Federico Sabbatini, Giovanni Ciatto, Roberta Calegari, Andrea Omicini. "On the Design of PSyKE: A Platform for Symbolic Knowledge Extraction", in: WOA 2021 – 22nd Workshop “From Objects to Agents”, Aachen, Sun SITE Central Europe, RWTH Aachen University, 2021, 2963, pp. 29 - 48.

Bibtex:

@inproceedings{psyke-woa2021,
	articleno = 3,
	author = {Sabbatini, Federico and Ciatto, Giovanni and Calegari, Roberta and Omicini, Andrea},
	booktitle = {WOA 2021 -- 22nd Workshop ``From Objects to Agents''},
	editor = {Calegari, Roberta and Ciatto, Giovanni and Denti, Enrico and Omicini, Andrea and Sartor, Giovanni},
	issn = {1613-0073},
	keywords = {explainable AI, knowledge extraction, interpretable prediction, PSyKE},
	location = {Bologna, Italy},
	month = oct,
	note = {22nd Workshop ``From Objects to Agents'' (WOA 2021), Bologna, Italy, 1--3~} # sep # {~2021. Proceedings},
	numpages = 20,
	pages = {29--48},
	publisher = {Sun SITE Central Europe, RWTH Aachen University},
	series = {CEUR Workshop Proceedings},
	subseries = {AI*IA Series},
	title = {On the Design of {PSyKE}: A Platform for Symbolic Knowledge Extraction},
	url = {http://ceur-ws.org/Vol-2963/paper14.pdf},
	volume = 2963,
	year = 2021
}

Intro

PSyKE (Platform for Symbolic Knowledge Extraction) is intended as a library for extracting symbolic knowledge (in the form of logic rules) out of sub-symbolic predictors.

More precisely, PSyKE offers a general purpose API for knowledge extraction, and a number of different algorithms implementing it, supporting both classification and regression problems. The extracted knowledge consists of a Prolog theory (i.e. a list of Horn clauses).

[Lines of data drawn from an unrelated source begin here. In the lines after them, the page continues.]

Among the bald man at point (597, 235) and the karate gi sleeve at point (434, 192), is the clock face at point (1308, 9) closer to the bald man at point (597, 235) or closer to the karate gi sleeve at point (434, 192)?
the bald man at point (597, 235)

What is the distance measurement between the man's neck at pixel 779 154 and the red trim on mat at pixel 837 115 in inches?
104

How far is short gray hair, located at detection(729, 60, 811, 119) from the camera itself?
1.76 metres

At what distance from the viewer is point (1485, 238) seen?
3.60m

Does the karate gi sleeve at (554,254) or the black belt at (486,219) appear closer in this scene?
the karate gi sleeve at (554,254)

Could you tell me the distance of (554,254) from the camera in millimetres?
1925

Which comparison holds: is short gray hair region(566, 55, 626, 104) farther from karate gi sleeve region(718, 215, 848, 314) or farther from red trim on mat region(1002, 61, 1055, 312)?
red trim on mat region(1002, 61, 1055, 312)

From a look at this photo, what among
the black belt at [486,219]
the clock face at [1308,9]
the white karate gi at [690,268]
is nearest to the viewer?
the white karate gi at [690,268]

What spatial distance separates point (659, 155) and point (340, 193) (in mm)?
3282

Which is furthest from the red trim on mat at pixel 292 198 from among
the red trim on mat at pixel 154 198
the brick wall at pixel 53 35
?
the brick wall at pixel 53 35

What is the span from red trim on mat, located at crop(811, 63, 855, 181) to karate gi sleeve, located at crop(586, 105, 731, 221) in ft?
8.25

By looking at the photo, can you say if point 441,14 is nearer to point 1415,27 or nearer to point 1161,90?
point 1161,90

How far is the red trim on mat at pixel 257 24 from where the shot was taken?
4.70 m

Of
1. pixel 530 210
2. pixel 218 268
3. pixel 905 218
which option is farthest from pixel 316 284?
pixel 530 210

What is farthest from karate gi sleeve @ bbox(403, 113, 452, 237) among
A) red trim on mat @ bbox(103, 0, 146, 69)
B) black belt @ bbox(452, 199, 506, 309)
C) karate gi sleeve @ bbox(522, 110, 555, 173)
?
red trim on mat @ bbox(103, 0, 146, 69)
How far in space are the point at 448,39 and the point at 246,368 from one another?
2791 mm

PSyKE relies on 2ppy (tuProlog in Python) for logic support, which is in turn based on the 2p-Kt logic ecosystem.

Class diagram overview:

PSyKE class diagram

PSyKE is designed around the notion of extractor. More precisely, an Extractor is any object capable of extracting a logic Theory out of a trained sub-symbolic regressor or classifier. Accordingly, any Extractor is composed of (i) a trained predictor (i.e., black-box used as an oracle) and (ii) a set of discrete feature descriptors (as some algorithms require a discrete dataset), and it provides two methods:

  • extract: given a dataset it returns a logic theory;
  • predict: predicts a value using the extracted rules instead of the original predictor.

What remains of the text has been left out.